Here’s my ten-word review of Joshua Bloch’s Effective Java: If You Write Java, You Need To Read This Book.
I wanted to say that up front, because I’m about to talk at great length about one of its shortcomings, which would give the impression, purely by wordcount, that I don’t think it’s a good book. This is just a reflection of how many more words it takes to explain a negative point than a positive one. The book is irrefutably useful and you should read it (if you write Java).
To give the issue a bit of context, here’s a fact that I was only dimly aware of before doing some mid-reading research:
If you get the security settings right, the Java Virtual Machine guarantees access control.

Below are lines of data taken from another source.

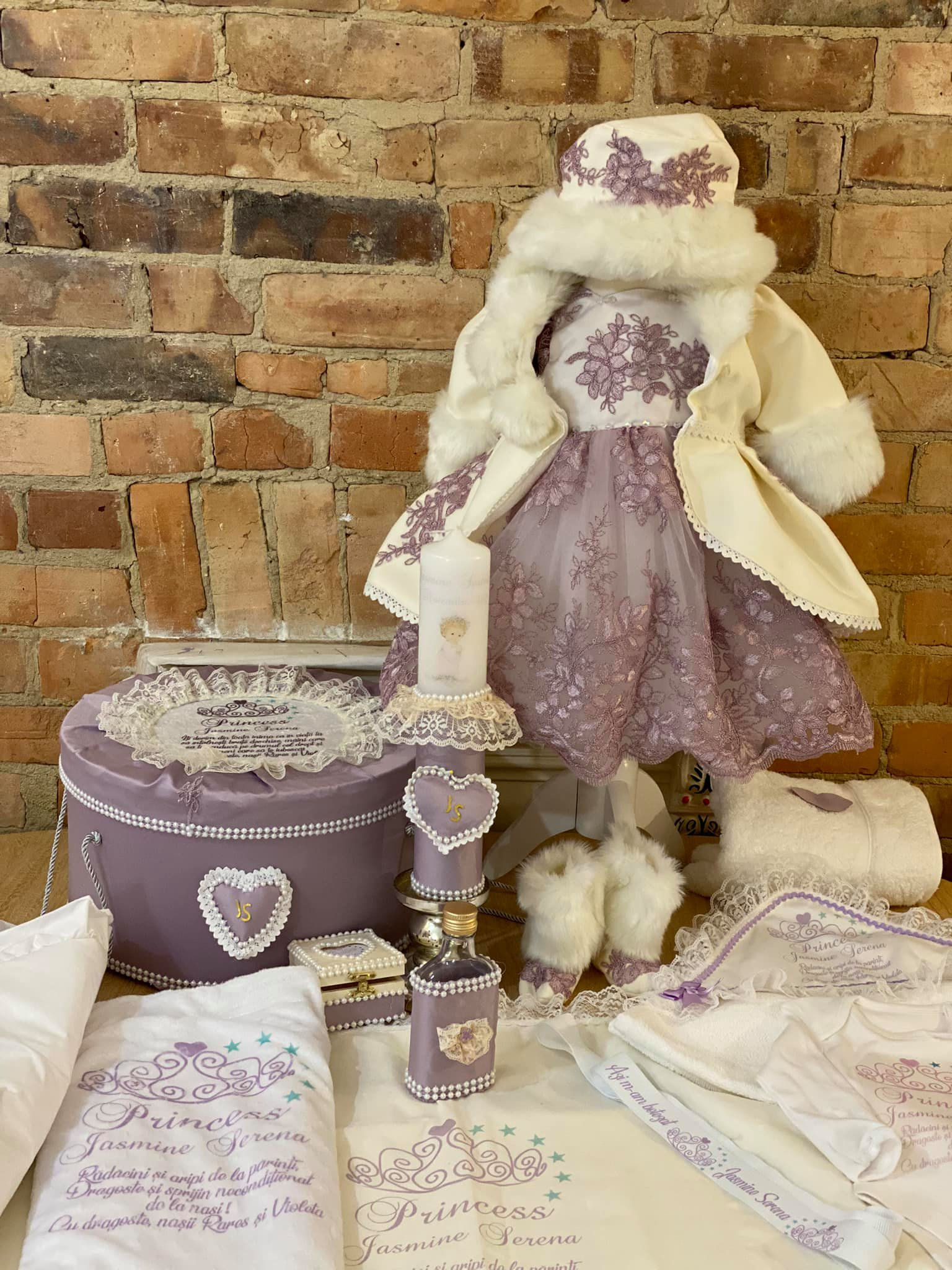 Set Botez Fete - Jasmine Serena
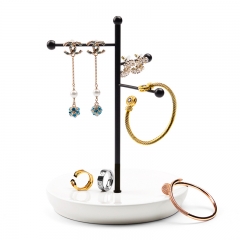 FANXI factory custom metal jewelry display rack jewerly stand tree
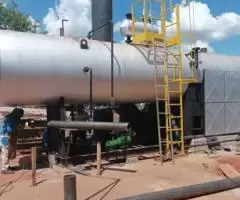 Caldeira CALDEMAK 6000 kg/h: O Segredo da Máxima Eficiência Industrial!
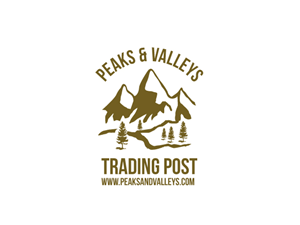Diseño de Logo por Hoopoe para Peaks & Valleys Trading Post | Diseño: #4069103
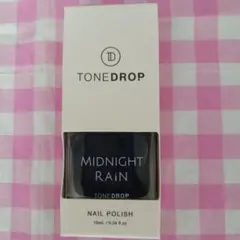 TONEDROP ネイルポリッシュ 019 MIDNIGHT RAINのサムネイル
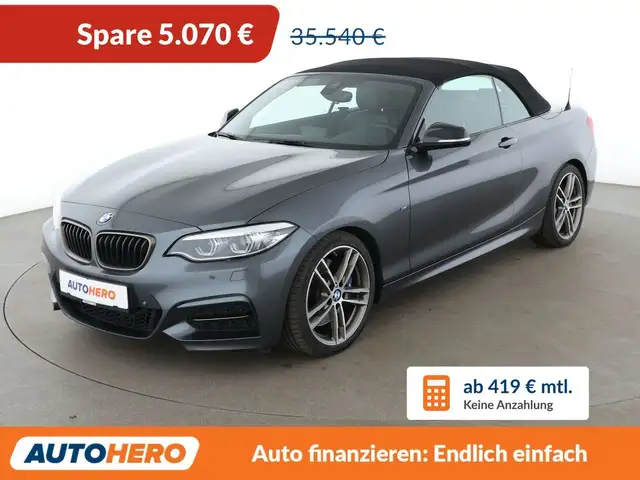 BMW M2 M240i  Aut.*NAVI*PDC*TEMPO*SHZ*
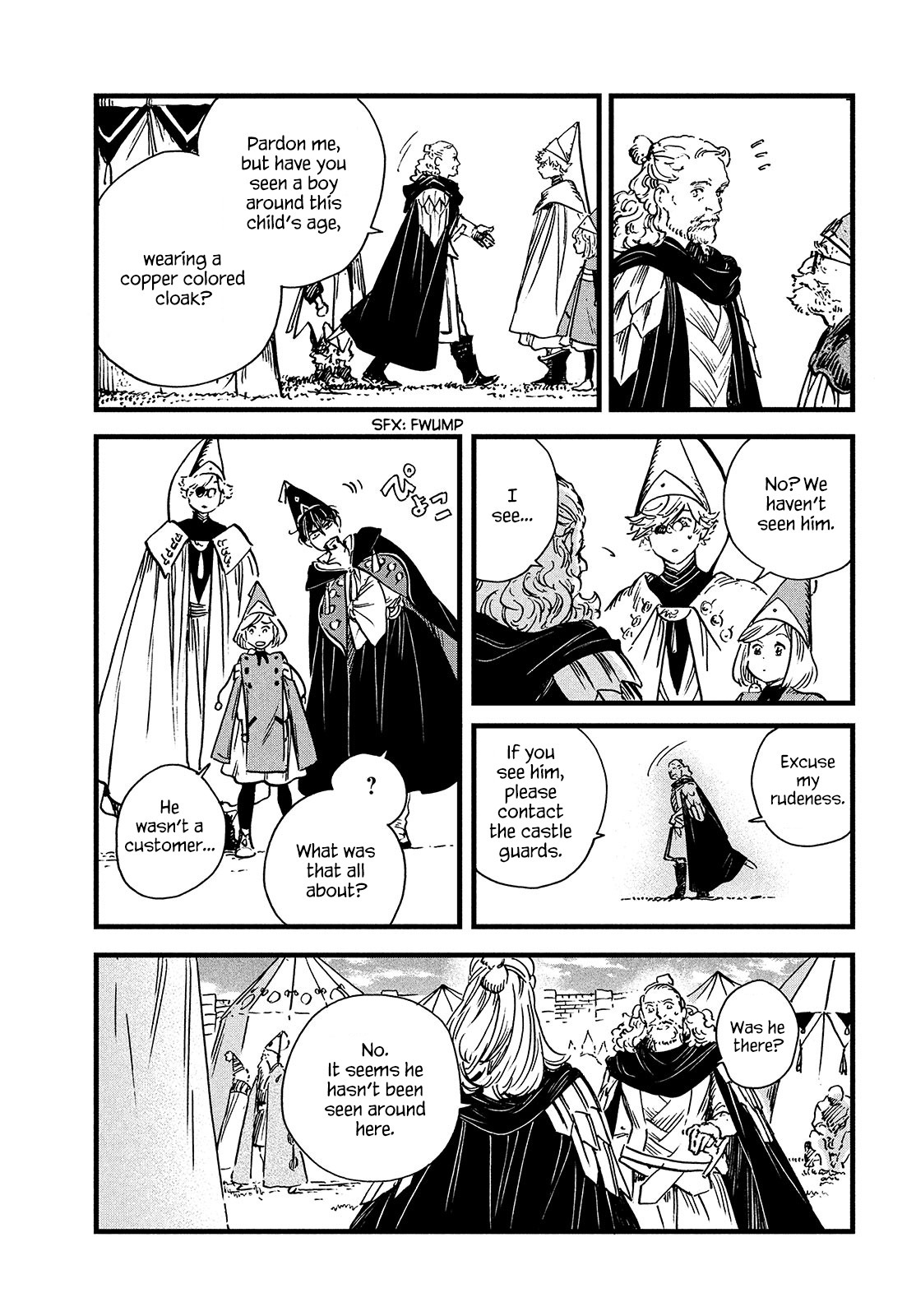 Tongari Booshi no Atorie Chapter 48 page 31 - Chapter 48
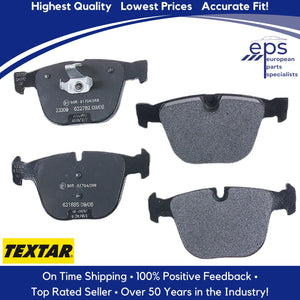 2002-14 BMW Alpina B7 X5 X6 5 6 7 Rear Brake Pad Set Textar 34 21 6 768 471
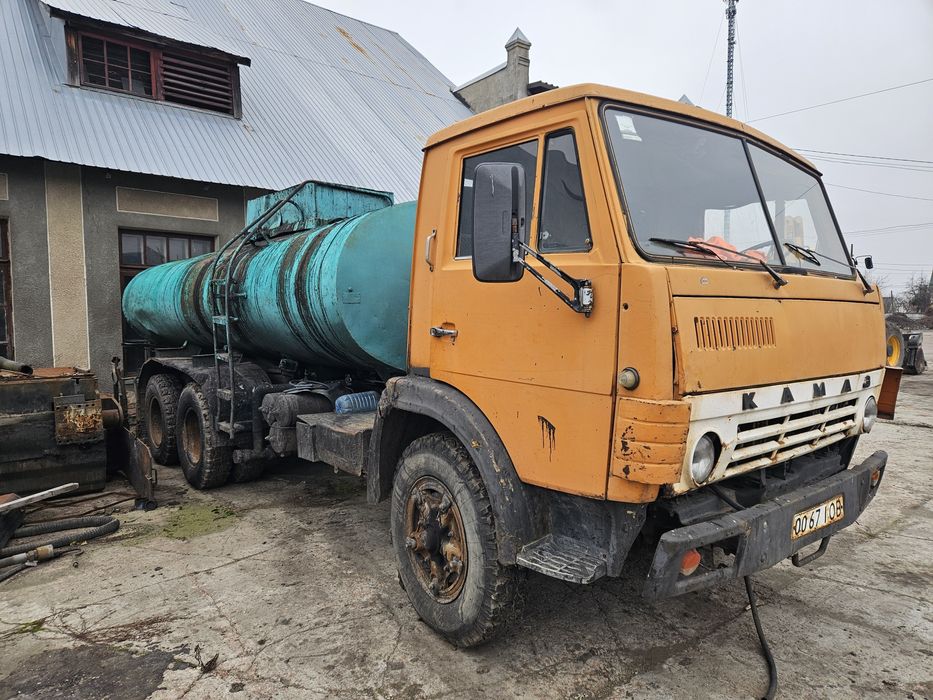 Камаз - 53213 бітумовоз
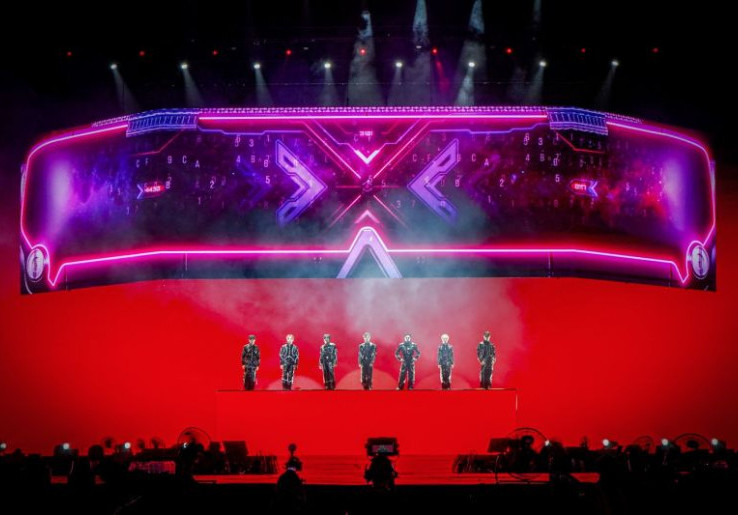 THE DREAM SHOW 4: DREAM THE FUTURE: Saat Mark, Jeno, dan Member NCT Lainnya Ubah JIS Jadi Panggung Futuristik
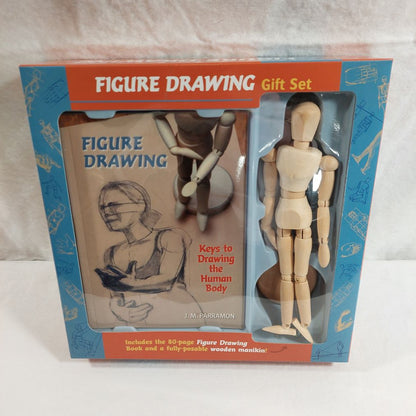 Figure Drawing Gift Set Mud Puddle Books Inc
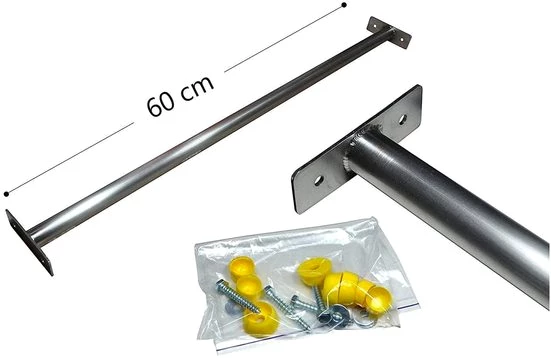 CHYRKA Turnreck Turnstange SK aus Edelstahl V2A Reckstange Einzelturnreck Turnreck Kletterstange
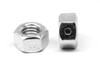 7/16"-20 Fine Thread Reversible 2-Way All Metal Locknut Low Carbon Steel Zinc Plated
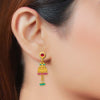 22k Pearl Earring JGP-2212-07851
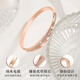 Ji Sifan Light Luxury Bracelet Women's Four-leaf Clover Bracelet Jewelry Valentine's Day Anniversary Birthday Gift for Girlfriend and Wife Mobius Infinite Love Bracelet (Next Day Delivery)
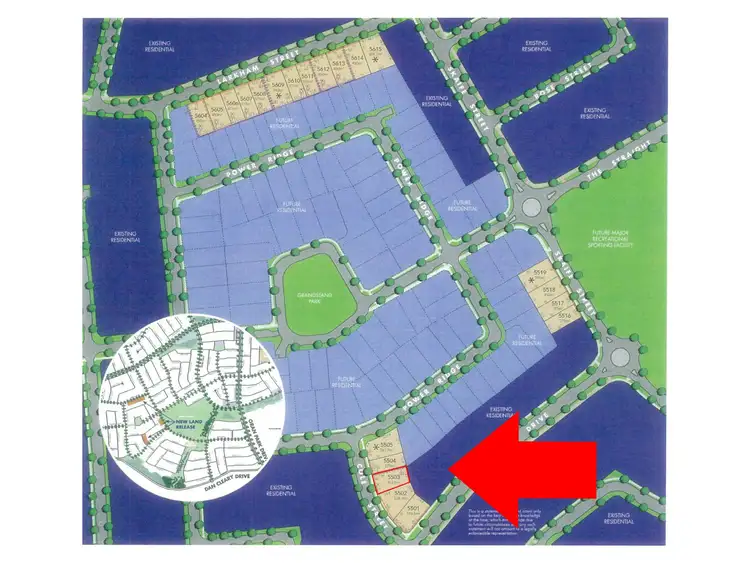 Second view of Homely land listing, 6 Cole Street, Oran Park NSW 2570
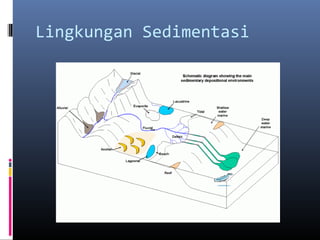 Lingkungan Sedimentasi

If you declare a field private, and you’re running a trusted JVM, and the security manager is set to disallow JNI and changing accessibility through reflection and a handful of other things, then you can run untrusted third-party code in the same process and even pass those objects to the untrusted code and it will never be able to get at the private field.
This is such a big deal that I don’t understand why it isn’t a bigger deal. It’d be impossible to make this kind of claim in a natively compiled language, because you can always pointer-arithmetic your way to the private data. Python makes only the vaguest of gestures in the direction of information hiding, and certainly doesn’t guarantee it. Maybe C# and the rest of the .NET family make some guarantees, I’m not sure (although whether you’d trust Microsoft to get the security right is a different story (but then, the same question should be asked of Sun Oracle)).
Here’s the issue though. This means that access control in Java actually has two different (although overlapping) purposes: encapsulation, and security. And they’re not the same thing.
Encapsulation is about reducing the complexity and increasing the abstraction of classes by hiding their implementation. Security is about stopping people from seeing or changing data that they shouldn’t be able to. Security is for protecting users from malicious programmers; encapsulation is for protecting programmers from themselves.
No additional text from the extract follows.